Async Tool Calling for 2× Faster Training
RLFactory implements an asyncio-based asynchronous caller that processes multiple tool invocations in parallel during rollouts. This alone reduces training time by 1.5–2× compared to synchronous alternatives (e.g., the original Search-R1 framework). When combined with distributed reward model inference, the speedup becomes even more pronounced—enabling rapid iteration cycles even on large models.
In benchmarks on the Natural Questions (NQ) dataset using the DeepSearch task:
- RLFactory + Qwen3-4B achieves a test score of 0.458 in 5.3 hours (8× A100)
- This outperforms Qwen2.5-7B-Instruct-GRPO (0.451) trained with similar methods but taking 9.25 hours
Flexible, Multi-Source Reward Layer
Not all correct tool use looks the same. RLFactory’s reward layer supports:
- Rule-based rewards: e.g., “Did the agent call the search tool with a non-empty query?”
- Model-judged rewards: Deploy a large reward model (LRM) to assess answer quality or reasoning validity
- Tool-verified rewards: Let the tool itself confirm success (e.g., “Did the API return valid data?”)
This flexibility ensures your agent learns from signals that match your real-world success criteria—not just proxy metrics.
Native Qwen3 Support with Strong Zero-Shot Tool Use
Qwen3 models demonstrate exceptional out-of-the-box tool-calling ability, even without supervised fine-tuning. RLFactory leverages this by providing native support for Qwen3-4B and Qwen3-8B, allowing immediate RL post-training. Benchmarks show Qwen3 consistently outperforms Qwen2.5 in tool-use accuracy, making it a compelling base for agentic applications.
Practical Use Cases
RLFactory excels in scenarios requiring multi-turn, tool-augmented reasoning, such as:
- Search Agents: Reproduce the DeepSearch setup with one-click training using Qwen3 and a search tool config.
- Travel Planners: Chain flight, hotel, and weather APIs across multiple turns to build itineraries.
- Data Analysts: Let LLMs query databases, run code, and visualize results iteratively.
- Android Automation: Version 0.2 adds Android OS environment support, enabling phone-based agent training.
Crucially, all these use cases start from the same minimal template: define your tools, define your reward, run a script.
Getting Started Is Deliberately Simple
The user workflow is intentionally lightweight:
- Install dependencies (Python ≥3.10, CUDA ≥12.0, vLLM ≥0.8.3)
- Provide a tool config (YAML or JSON) and a reward function (Python)
- Run
bash main_grpo.sh(with paths to your base model and reward model) - Evaluate with
bash main_eval.sh
No need to modify RL loops, rollout workers, or policy networks. RLFactory handles the infrastructure—so you focus on what your agent should do, not how to train it.
The framework also includes a full reproduction example for Search-R1 in docs/rl_factory/main_tutorial.md, making it easy to validate setup before building your own agent.
Current Limitations and Roadmap
While powerful, RLFactory has some constraints to consider:
- Model support: Officially tested and optimized for Qwen3 models.

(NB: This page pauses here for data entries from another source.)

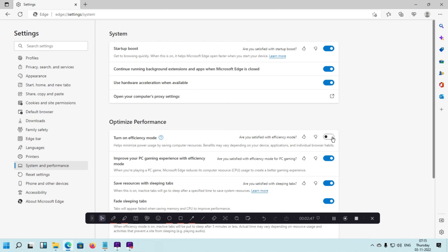If you want to deactivate this option, you simply click the toggle again and your efficiency mode will deactivate. Right now this is the longer process. I am going to show you how you can do these things with a shorter method.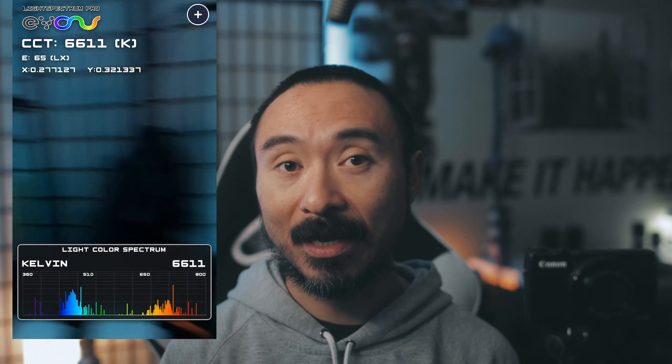From there, change the white balance in your camera to what Light Spectrum Pro is telling you, then look at the actual image. If Light Spectrum Pro is telling you 3800 Kelvin and you switch your camera to 3800 Kelvin, check if it's looking too warm or too cool. Light Spectrum Pro isn't necessarily 100% accurate, but 90-plus percent of the time it'll give you the white balance you need.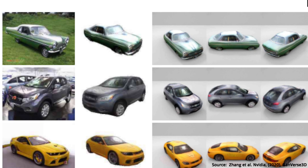But even considering all of this, this is a major breakthrough. In the very near future, it is going to become a lot cheaper to create 3D assets for games.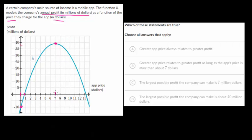But if they kept increasing the price after that, their profit's going to drop down. It looks like just past 13 dollars for the price, their profit's going to be zero dollars. And then it keeps going down — around 14 dollars you get back to where you started at minus 10 million. And honestly, this is probably when people stop buying it.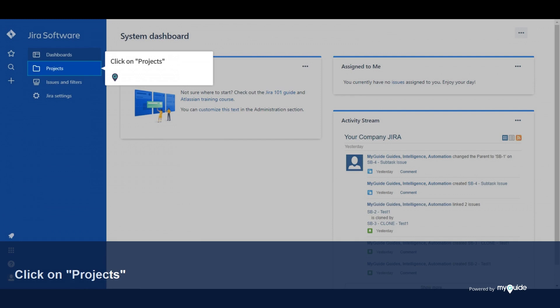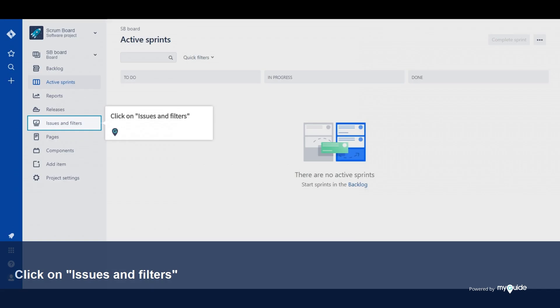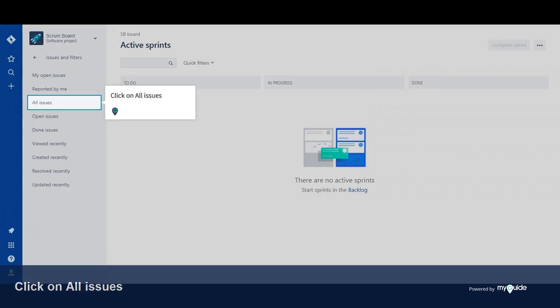Click on Projects. Click on your board. Click on Issues and Filters. Click on All Issues.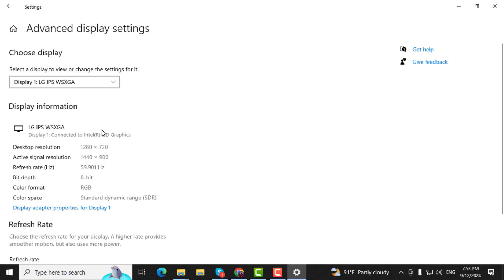If you have more than one monitor connected, use the selected display drop down menu to choose the monitor you want to view or change its settings.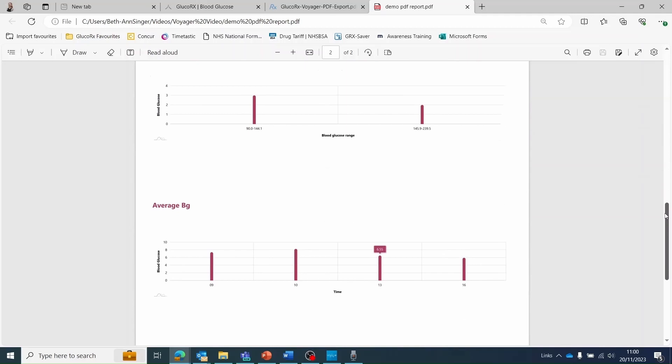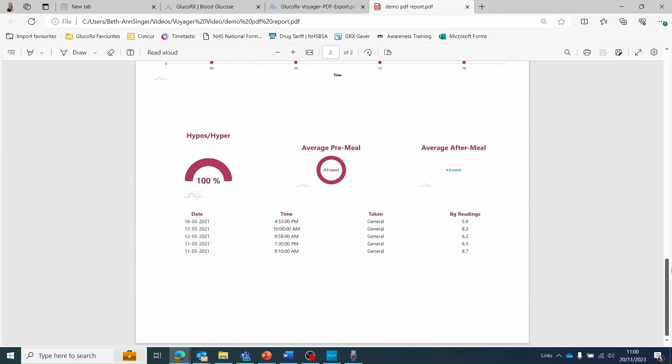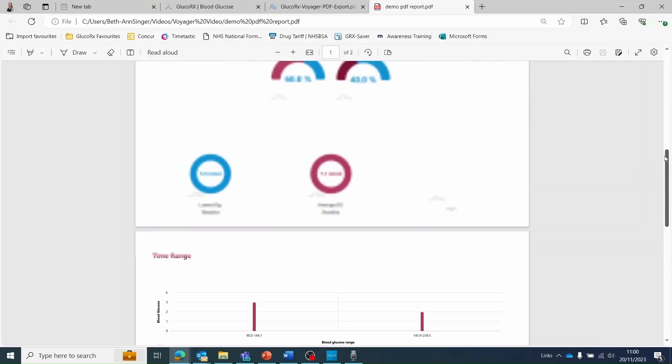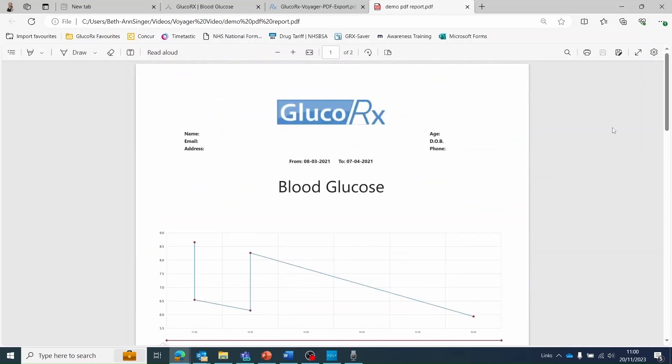This report includes lots of the same information displayed on your GlucoRx Voyager dashboard. You can share this PDF document with your healthcare professional.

Support for Llama, Deepseek, and others is planned (tracked in GitHub issues #5).
- Feature maturity: The WebUI, multimodal agent training, and Android environment are under active development in v0.2.
- Hardware requirements: Requires modern GPUs (A100 or equivalent) and CUDA 12.0+ due to dependencies like vLLM and FlashAttention.

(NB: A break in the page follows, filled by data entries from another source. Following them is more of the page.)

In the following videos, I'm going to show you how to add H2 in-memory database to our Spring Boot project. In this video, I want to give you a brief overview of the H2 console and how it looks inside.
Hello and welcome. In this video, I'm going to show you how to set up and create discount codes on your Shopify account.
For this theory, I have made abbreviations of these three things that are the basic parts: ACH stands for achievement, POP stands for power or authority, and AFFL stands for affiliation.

That said, the core framework is stable, well-documented, and already delivers measurable efficiency and performance gains over prior approaches.
Summary
RLFactory lowers the barrier to training capable, multi-turn tool-using LLM agents. By decoupling environment logic from RL infrastructure, enabling asynchronous tool calls, and supporting flexible reward signals, it solves real-world bottlenecks in agentic learning. With strong out-of-the-box performance on Qwen3 and a minimal-code workflow, it’s an ideal choice for researchers and engineers who want to build and iterate on LLM agents—fast, without becoming RL experts.